You can actually figure out which terms correspond to high-value questions using a chi-squared test. You'll first need to narrow down the questions into two categories:

- Low value -- Any row where `Value` is less than `800`
- High value -- Any row where `Value` is greater than `800`

You'll then be able to loop through each of the terms in `terms_used`, and:

- Find the number of low value questions the word occurs in
- Find the number of high value questions the word occurs in
- Find the percentage of questions the word occurs in

Based on the percentage of questions the word occurs in, find expected counts. Compute the chi squared value based on the expected counts and the observed counts for high and low value questions. 

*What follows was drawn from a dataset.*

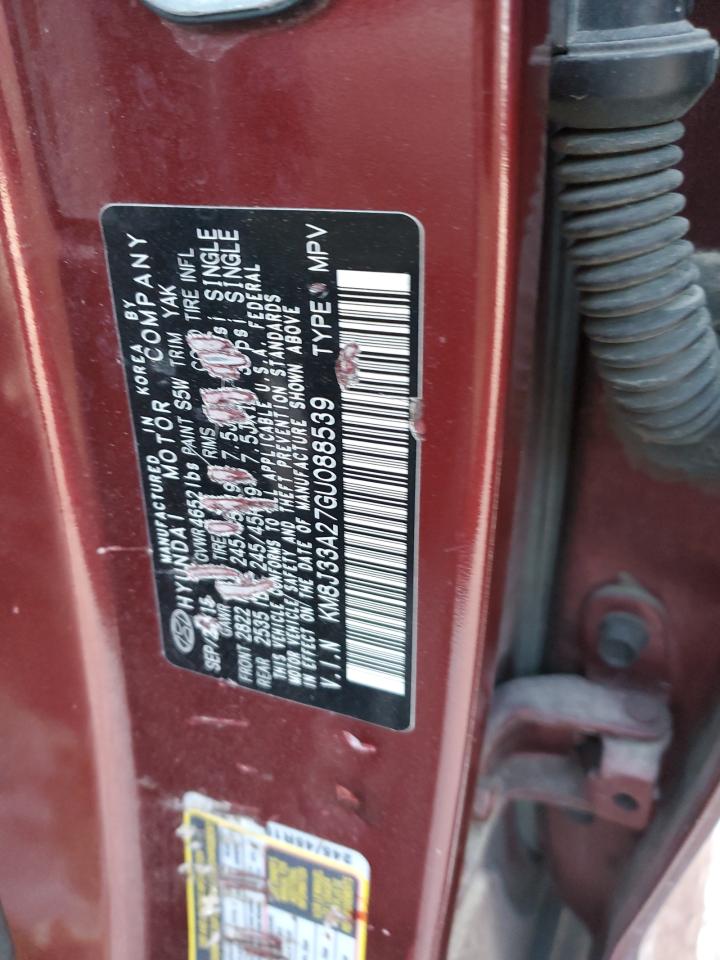 2016 Hyundai Tucson Limited VIN: KM8J33A27GU088539 Lot: 76135674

We can then find the words with the biggest differences in usage between high and low value questions, by selecting the words with the highest associated chi-squared values.

In [12]:
def determine_value(row):
    value = 0
    if row["clean_value"] > 800:
        value = 1
    return value

jeopardy["high_value"] = jeopardy.apply(determine_value, axis=1)

In [13]:
def count_usage(term):
    low_count = 0
    high_count = 0
    for i, row in jeopardy.iterrows():
        if term in row["clean_question"].split(" "):
            if row["high_value"] == 1:
                high_count += 1
            else:
                low_count += 1
    return high_count, low_count

comparison_terms = list(terms_used)[:5]
observed_expected = []
for term in comparison_terms:
    observed_expected.append(count_usage(term))

observed_expected

[(11, 30), (0, 2), (1, 0), (1, 2), (0, 1)]

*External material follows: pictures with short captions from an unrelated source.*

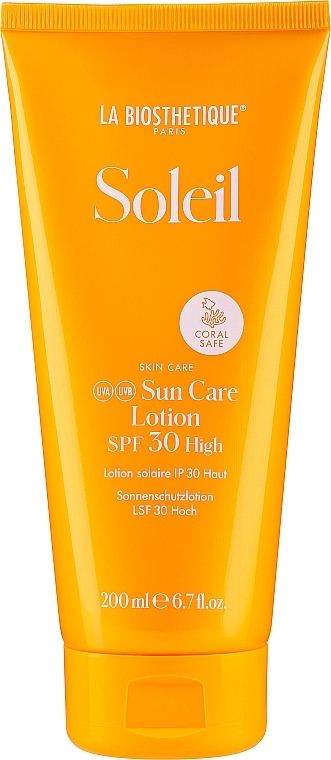 Сонцезахисний лосьйон для тіла - La Biosthetique Soleil Sun Care Lotiion SPF 30 — фото N1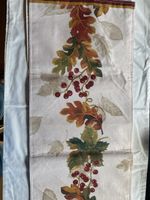 Autumn Table Runner with Leaf and Berry Design Decor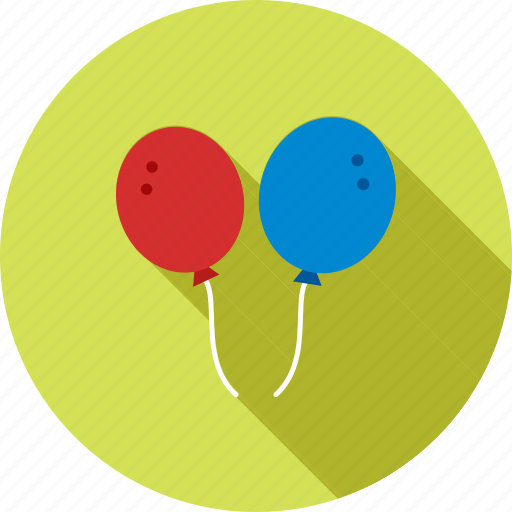 Balloon, balloons, celebration, color, decoration, green, yellow icon - Download on Iconfinder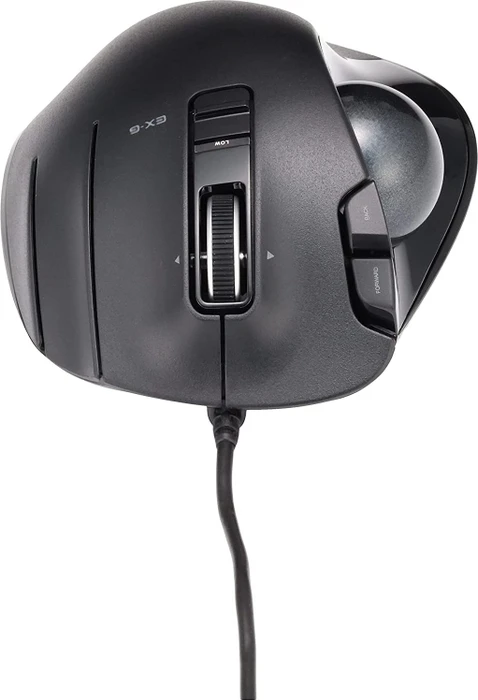Elecom EX-G M-XT3URBK Trackball schwarz, Rechtshänder, USB-A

## Applying the Chi-Squared Test
Let's use the `scipy.stats.chisquare` function to compute the chi-squared value and p-value given the expected and observed counts.

In [14]:
from scipy.stats import chisquare
import numpy as np

high_value_count = jeopardy[jeopardy["high_value"] == 1].shape[0]
low_value_count = jeopardy[jeopardy["high_value"] == 0].shape[0]

chi_squared = []
for obs in observed_expected:
    total = sum(obs)
    total_prop = total / jeopardy.shape[0]
    high_value_exp = total_prop * high_value_count
    low_value_exp = total_prop * low_value_count
    
    observed = np.array([obs[0], obs[1]])
    expected = np.array([high_value_exp, low_value_exp])
    chi_squared.append(chisquare(observed, expected))

chi_squared

[Power_divergenceResult(statistic=0.044541102507489314, pvalue=0.8328501042245996),
 Power_divergenceResult(statistic=0.78995292846670262, pvalue=0.37411435927449888),
 Power_divergenceResult(statistic=2.5317964247338085, pvalue=0.11157312838169751),
 Power_divergenceResult(statistic=0.037234093889071389, pvalue=0.846989214486915),
 Power_divergenceResult(statistic=0.39497646423335131, pvalue=0.52969509124866954)]

## Chi-Squared results
None of the terms had a significant difference in usage between high value and low value rows. Additionally, the frequencies were all lower than 5, so the chi-squared test isn't as valid. It would be better to run this test with only terms that have higher frequencies.